DIRECTIONS:
Print verbatim the lines from the beginning of the entries through the line containing "Free Sheet Music", both ends included. Pictures should be left out.

START GIVEN ENTRIES

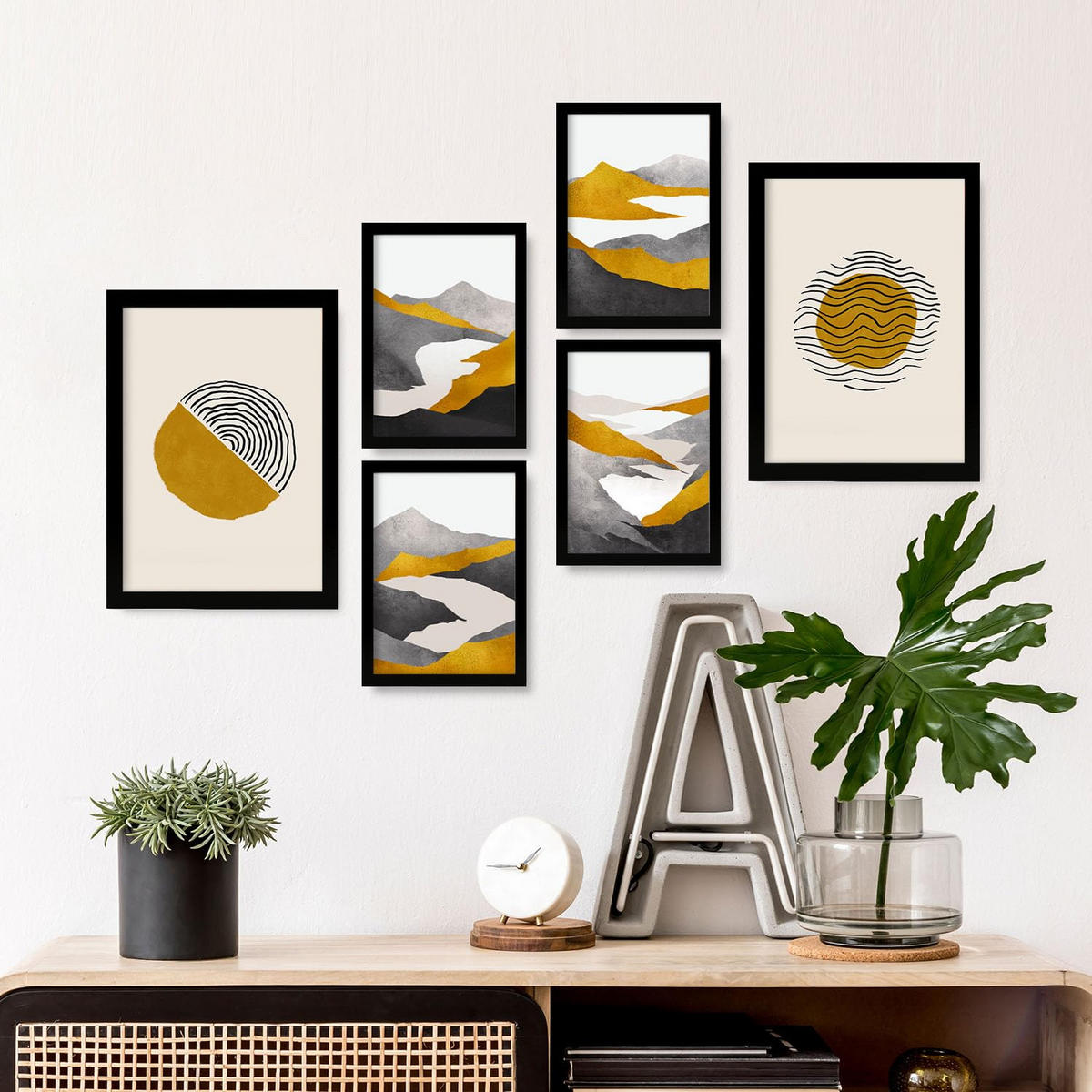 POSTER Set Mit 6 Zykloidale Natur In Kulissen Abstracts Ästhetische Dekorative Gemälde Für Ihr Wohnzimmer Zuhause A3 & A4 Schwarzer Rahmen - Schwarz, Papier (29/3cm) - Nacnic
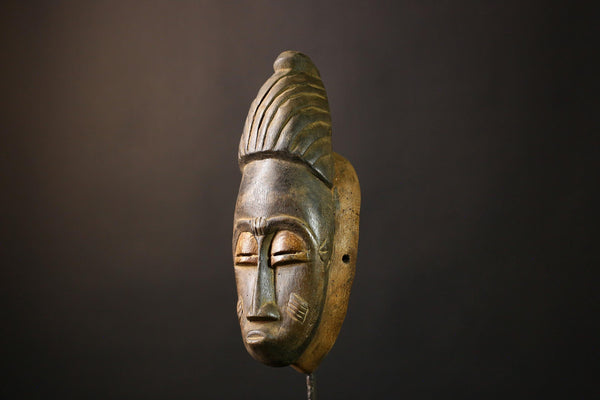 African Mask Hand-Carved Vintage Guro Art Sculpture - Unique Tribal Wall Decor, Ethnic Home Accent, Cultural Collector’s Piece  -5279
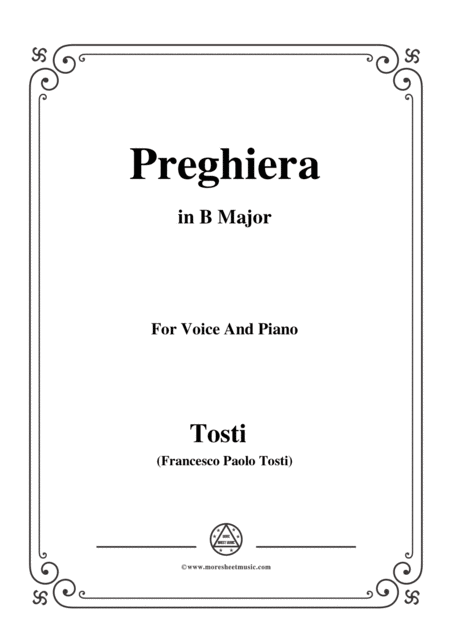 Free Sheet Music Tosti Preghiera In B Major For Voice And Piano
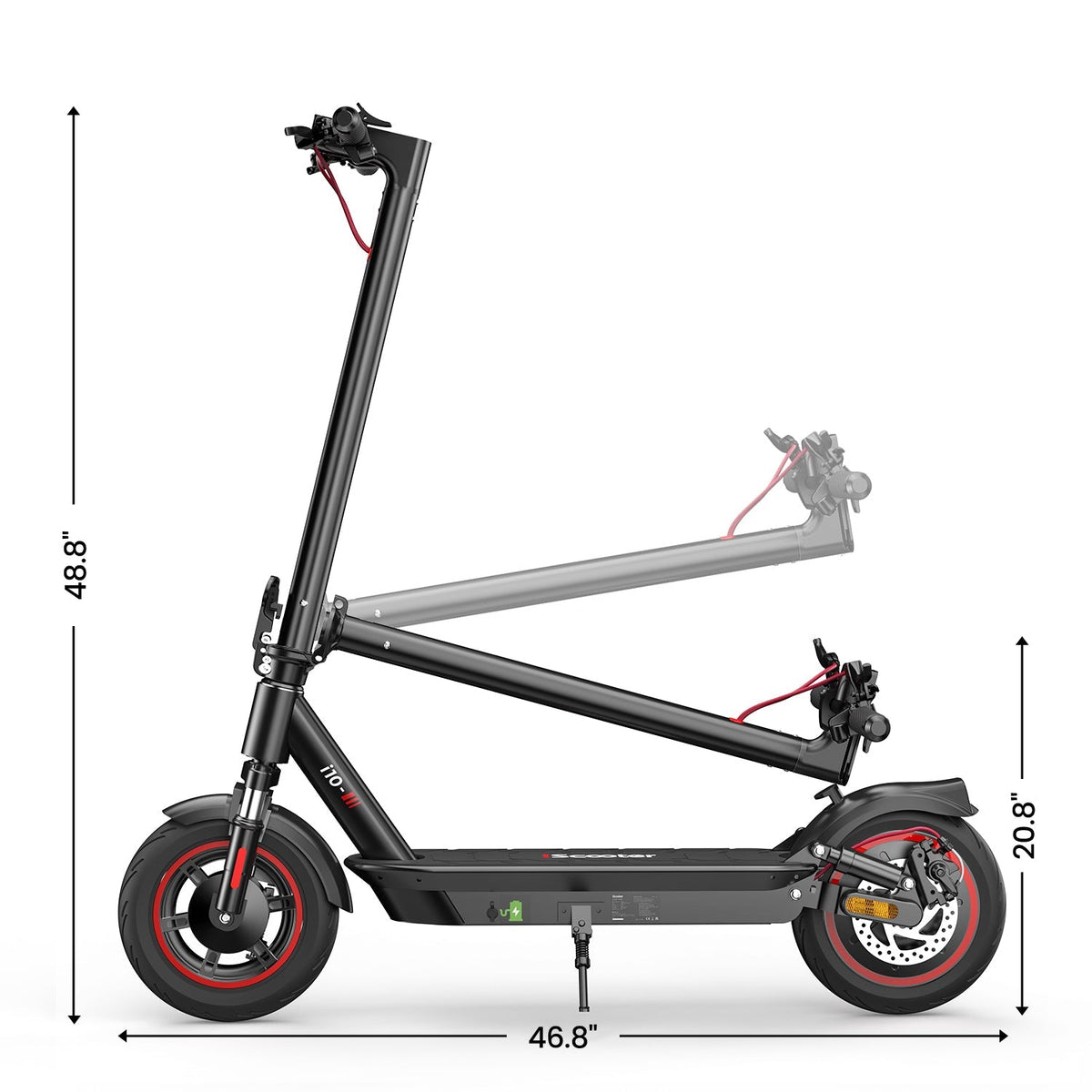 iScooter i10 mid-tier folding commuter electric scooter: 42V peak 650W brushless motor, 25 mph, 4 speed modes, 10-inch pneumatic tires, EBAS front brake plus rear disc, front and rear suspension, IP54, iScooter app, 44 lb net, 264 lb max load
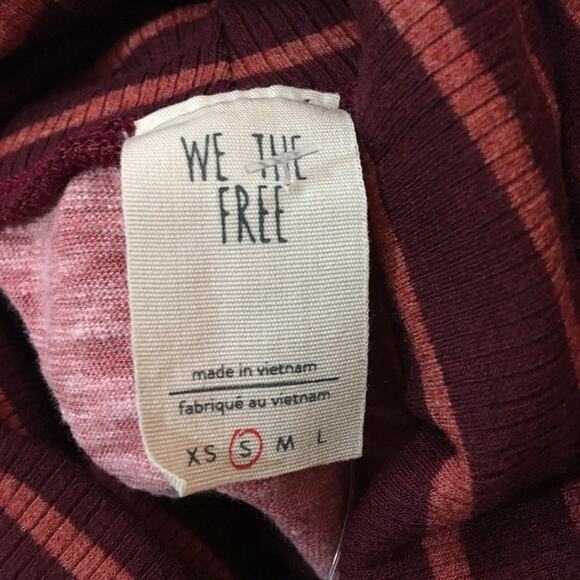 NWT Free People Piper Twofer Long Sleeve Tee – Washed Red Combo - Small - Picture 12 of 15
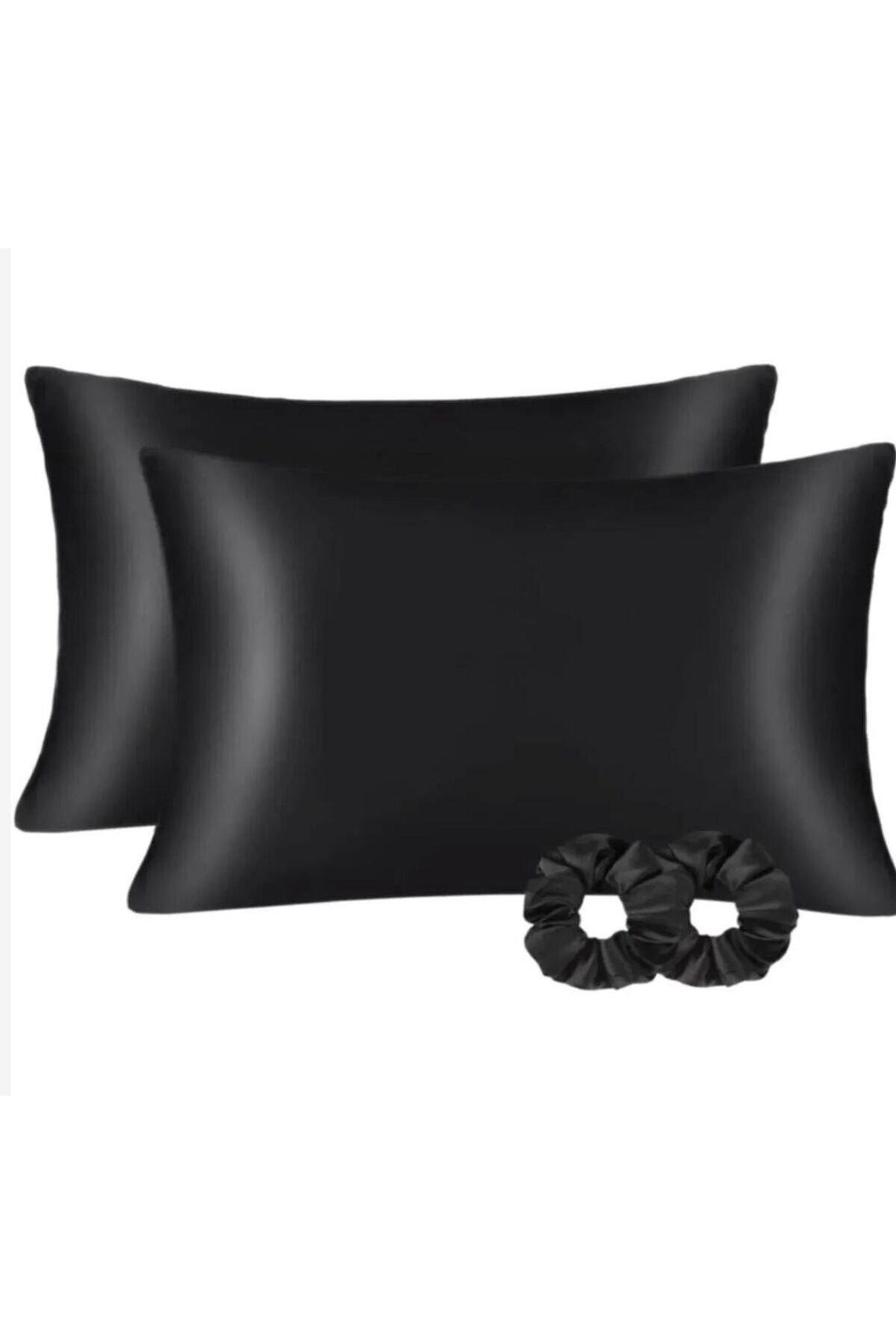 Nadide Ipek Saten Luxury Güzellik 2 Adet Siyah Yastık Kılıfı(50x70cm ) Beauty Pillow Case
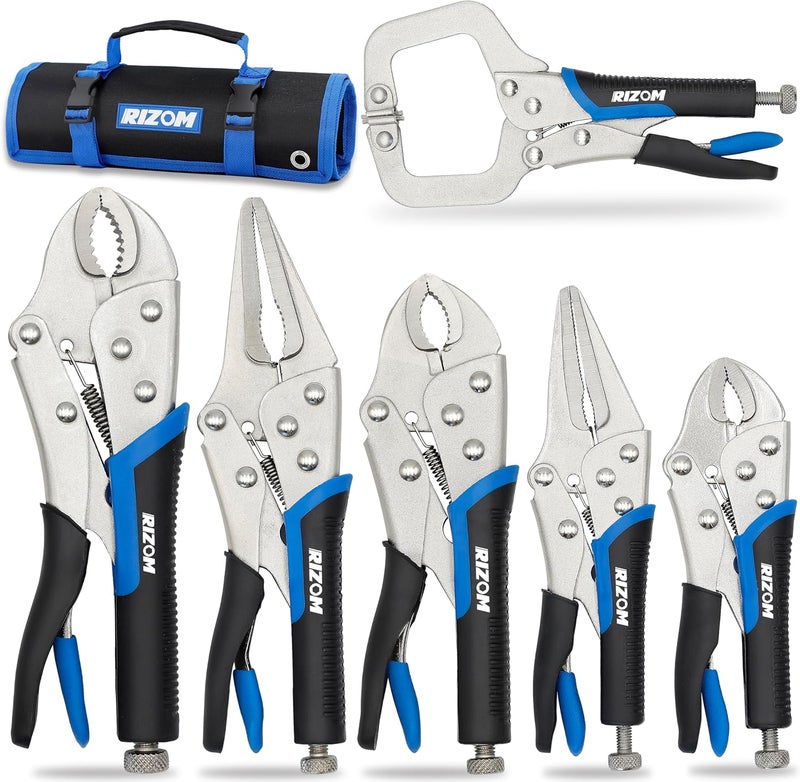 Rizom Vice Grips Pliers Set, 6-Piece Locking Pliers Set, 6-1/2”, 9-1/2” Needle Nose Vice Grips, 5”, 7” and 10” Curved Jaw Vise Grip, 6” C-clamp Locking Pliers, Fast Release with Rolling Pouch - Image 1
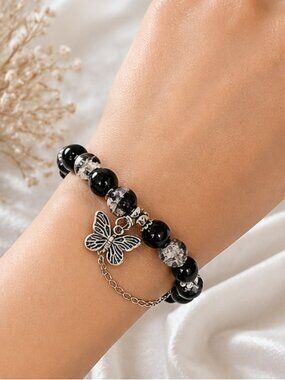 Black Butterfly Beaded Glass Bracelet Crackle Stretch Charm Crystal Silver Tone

END GIVEN ENTRIES

SOLUTION FOR THIS EXERCISE:
 POSTER Set Mit 6 Zykloidale Natur In Kulissen Abstracts Ästhetische Dekorative Gemälde Für Ihr Wohnzimmer Zuhause A3 & A4 Schwarzer Rahmen - Schwarz, Papier (29/3cm) - Nacnic
 African Mask Hand-Carved Vintage Guro Art Sculpture - Unique Tribal Wall Decor, Ethnic Home Accent, Cultural Collector’s Piece  -5279
 Free Sheet Music Tosti Preghiera In B Major For Voice And Piano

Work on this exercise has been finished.